Software could be running on a laptop that might be turned off, possibly for weeks at a time. Internet connections are sometimes very limited for more rural businesses.

Our solution

The idea was to build something that hides these complexities behind our single standard API, so that our clients can have the same experience as when they push data to a cloud accounting package.

Our solution involves a connector that small businesses install on their system which securely communicates with the Codat server at regular short intervals whilst the machine is turned on and connected to the internet.

The server keeps a record of all push operations that have been requested via the Codat API for each small business and when the connector is available, executes the queued insert operations.

This means we had to find a solution to the two engineering challenges created by the Connectivity challenge of integrating with software at a distance:

  1. Eventual consistency — This means that although a user of the API might have received a response from us right away, the operation requested may be completed some time later.

We built our API to allow monitoring of these operations right out of the gates. Especially around helping our clients understand quickly the “when and why” things might have gone wrong.

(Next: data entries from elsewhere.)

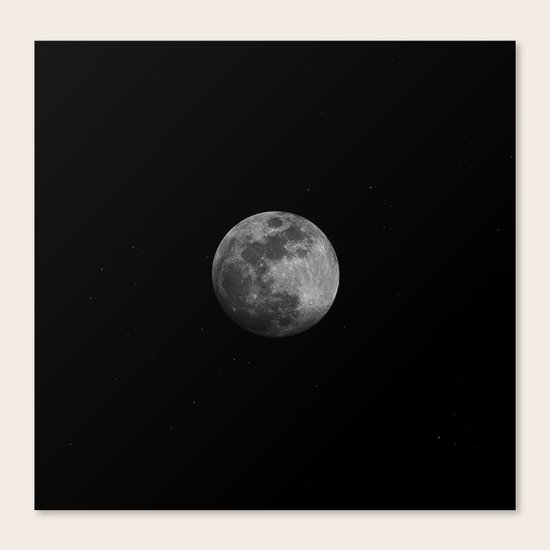 Luna Canvas Print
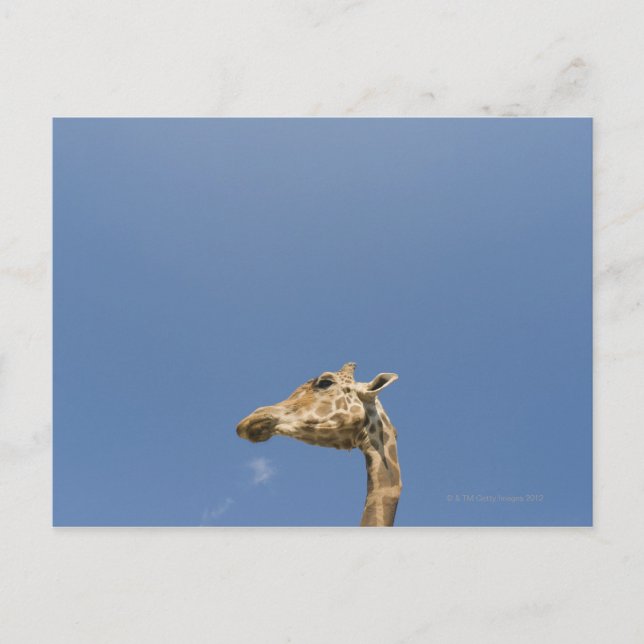 Postal Cabeza de Giraffe (Anverso)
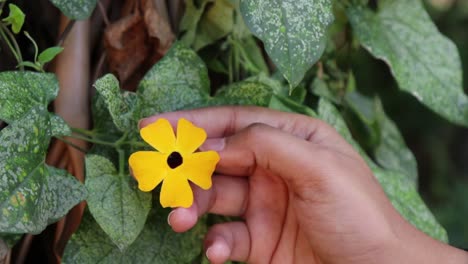 mano de mujer sosteniendo suavemente una flor amarilla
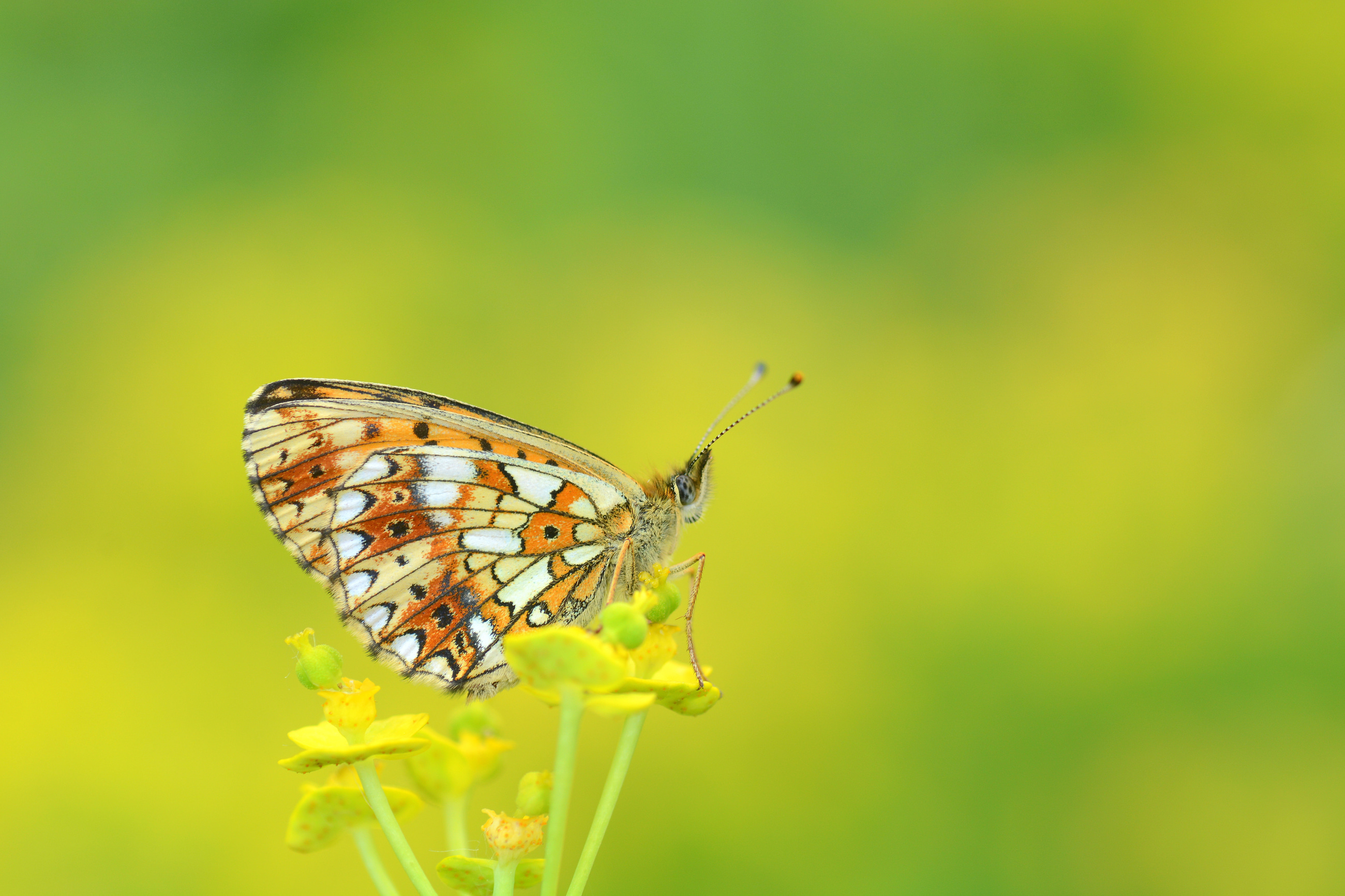 Boloria selene butterfly photo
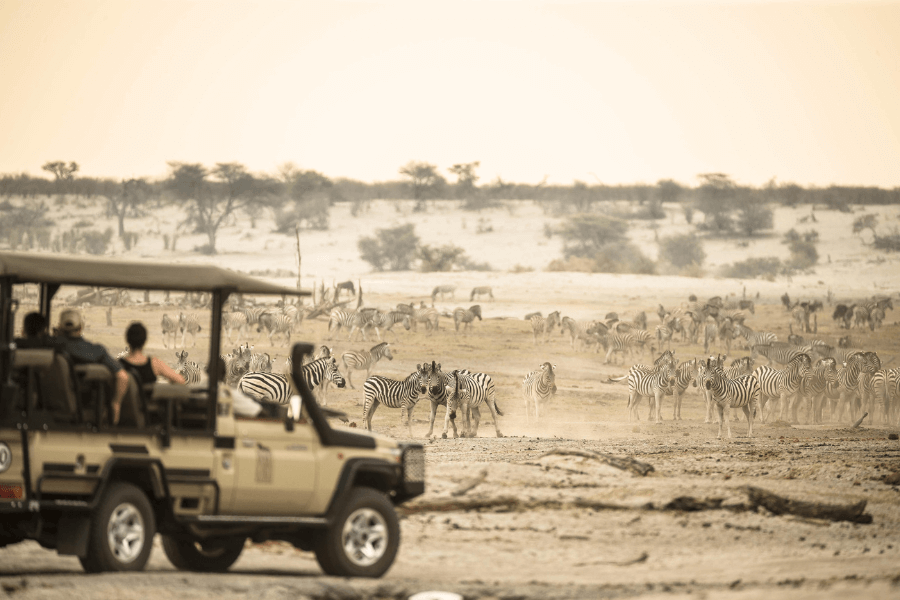 Zebra migration on Makgadikgadi game drive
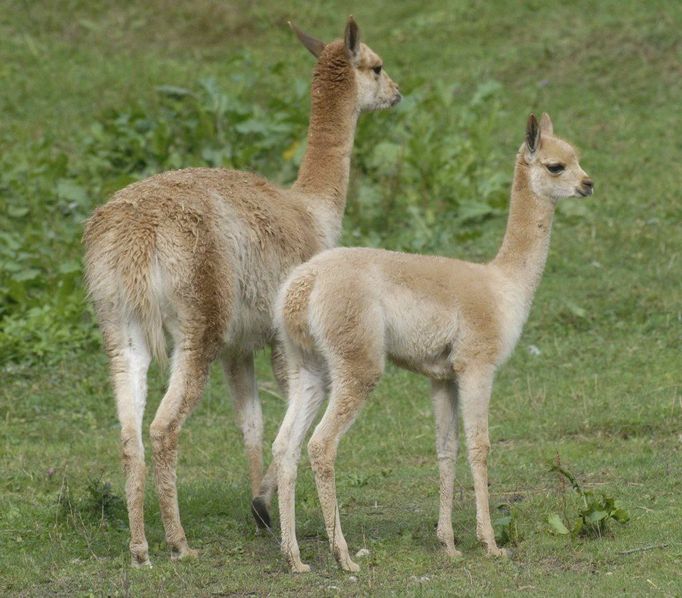 Lama vikuňa v plzeňské Zoo.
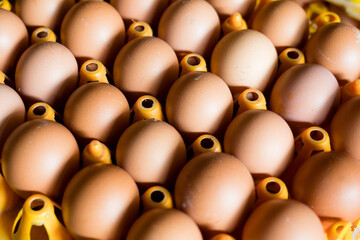Group of eggs produced by chicken farm in Indonesia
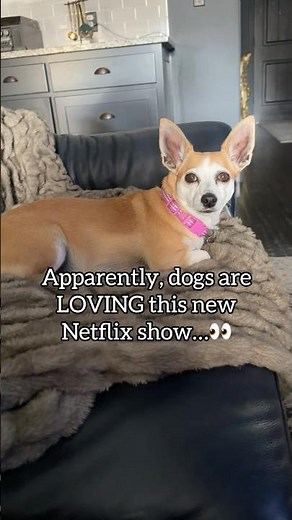Bella reviews Sealook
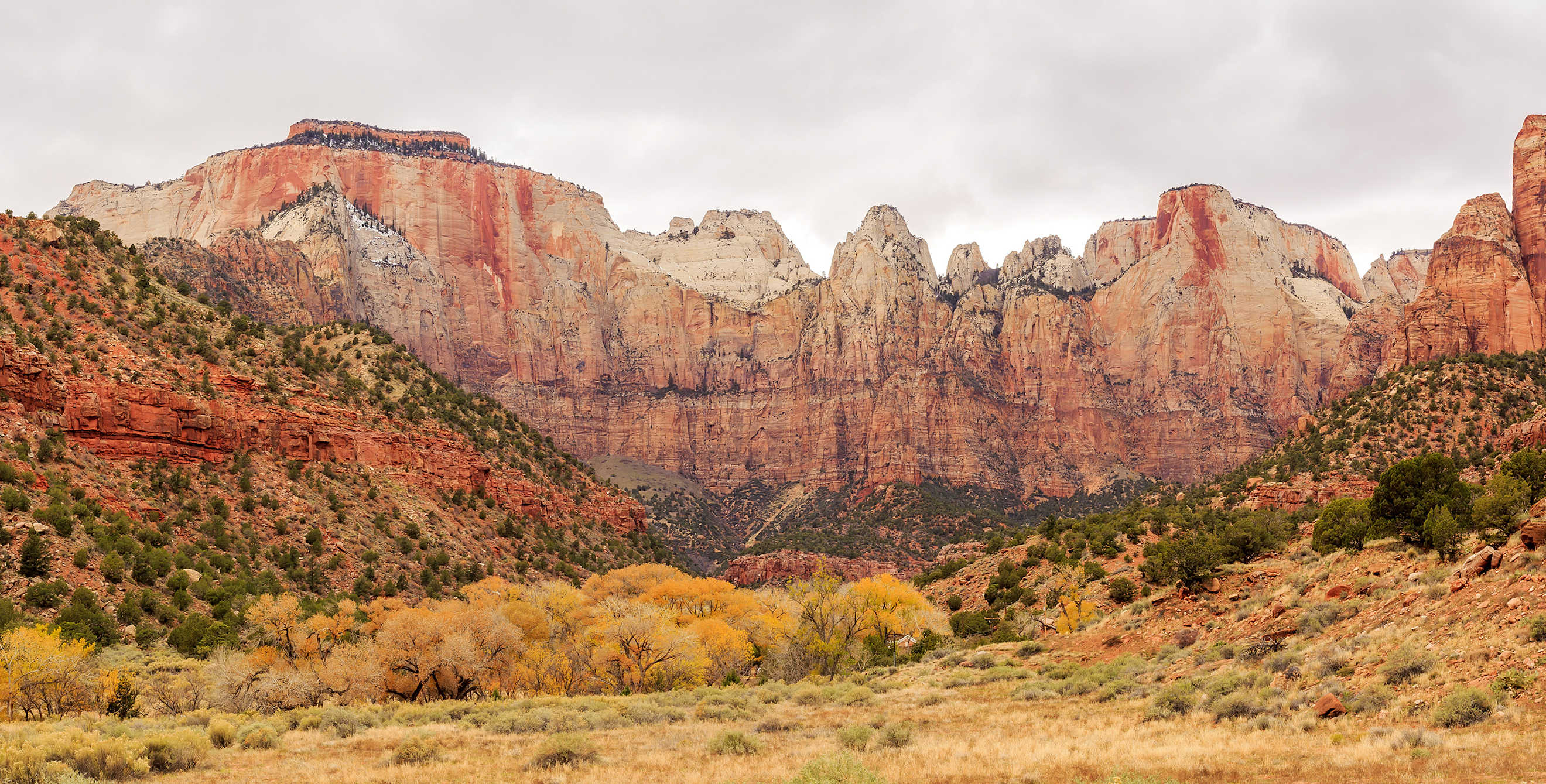 Autumn color in Zion National Park.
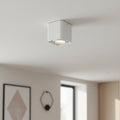 white semi flush ceiling light mounted on a white ceiling in a living room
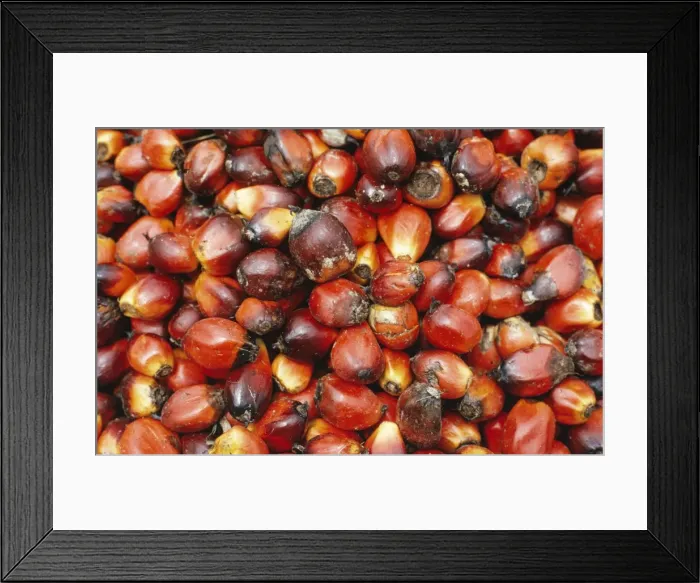 Framed Print : Oil Palm - Fruit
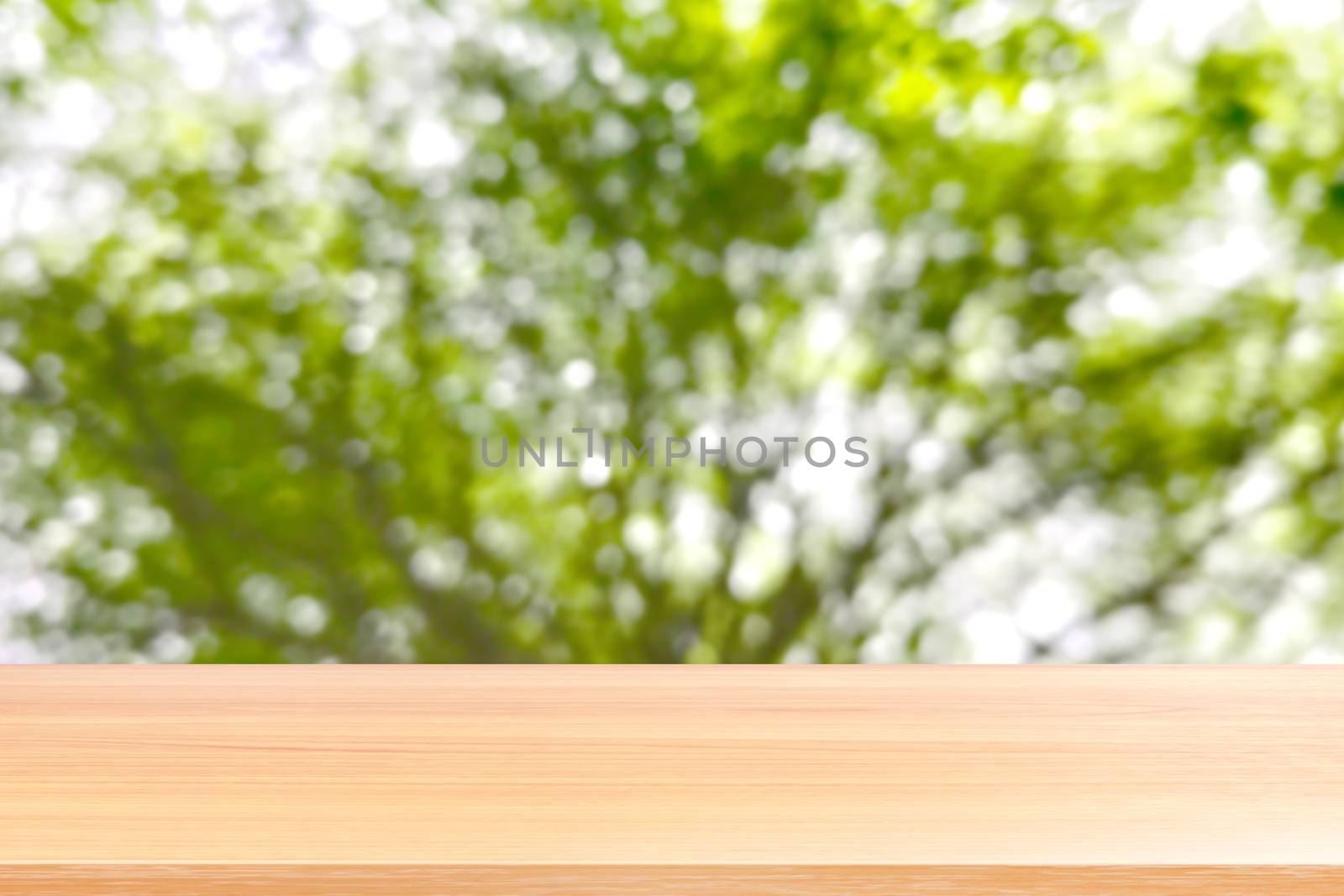 empty wood table floors on bokeh blurred tree nature green forest background, wood table board empty front blur tree, wooden plank blank with perspective brown wood table for mock up display products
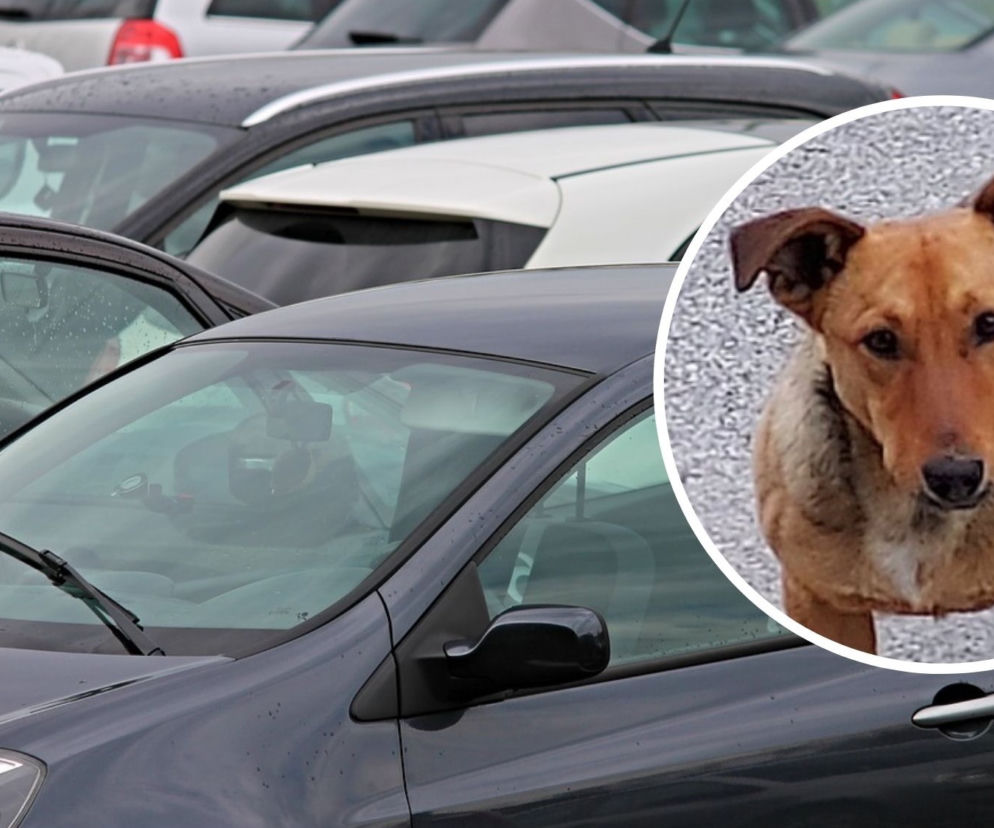 Rawa Mazowiecka. Zaparkował na chwilę auto, obcy pies mu je... uszkodził!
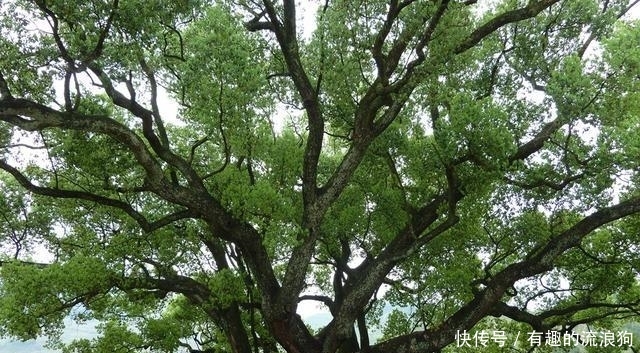  唯一@中国唯一直接以树木命名的城市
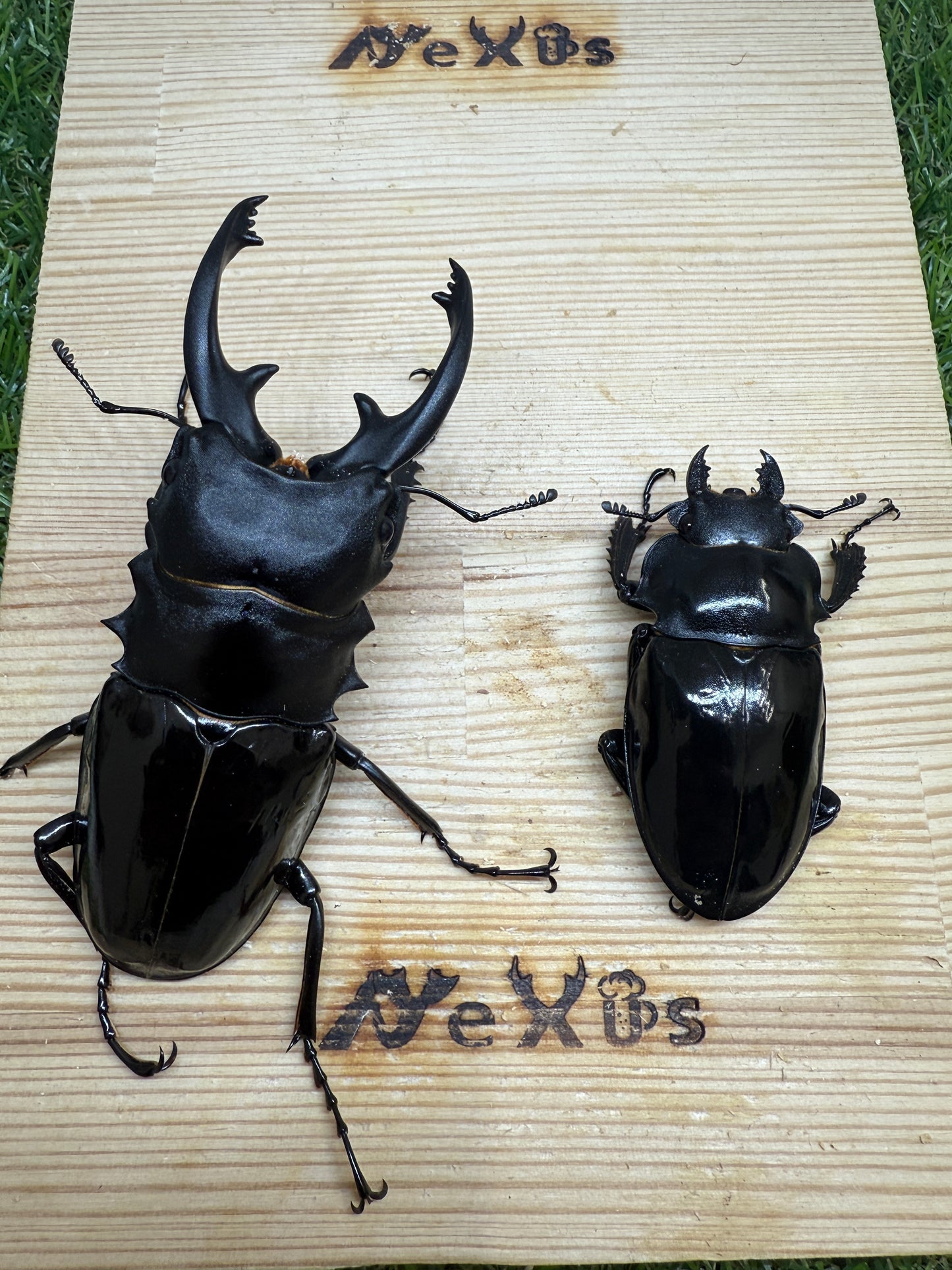 インターメディアツヤクワガタ ♂92.5mm成虫ペア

  1. Optimistic concurrency — This is a technical way of saying that we can’t always guarantee we are the only actor changing data in the system we are talking to. This means we might be trying to add data that has already been added, or altering data on the basis of out of date information.

We favour trusting the data provided by the user of our API, and we will only fail their requested operation if we believe the information they assumed when they called our API could be out of date at the point the operation is executed on the remote system.

To summarise

In order to effectively push data into desktop accounting packages you need to ensure you:

  • Have a solution that can handle the many different versions, setups and connectivity of on-premise software installations.
  • Build a secure connector that only you have access to, that calls server software at quick intervals.
  • Handle cases where destination data has been updated or otherwise out of date since last available.
  • Test your solution with each new version of on-premise software and operating systems that are released.

This is a hard problem to solve and requires dedication and time to get right. As a result of our hard work, today we are successfully and securely pushing data into thousands of small businesses’ accounting software each day.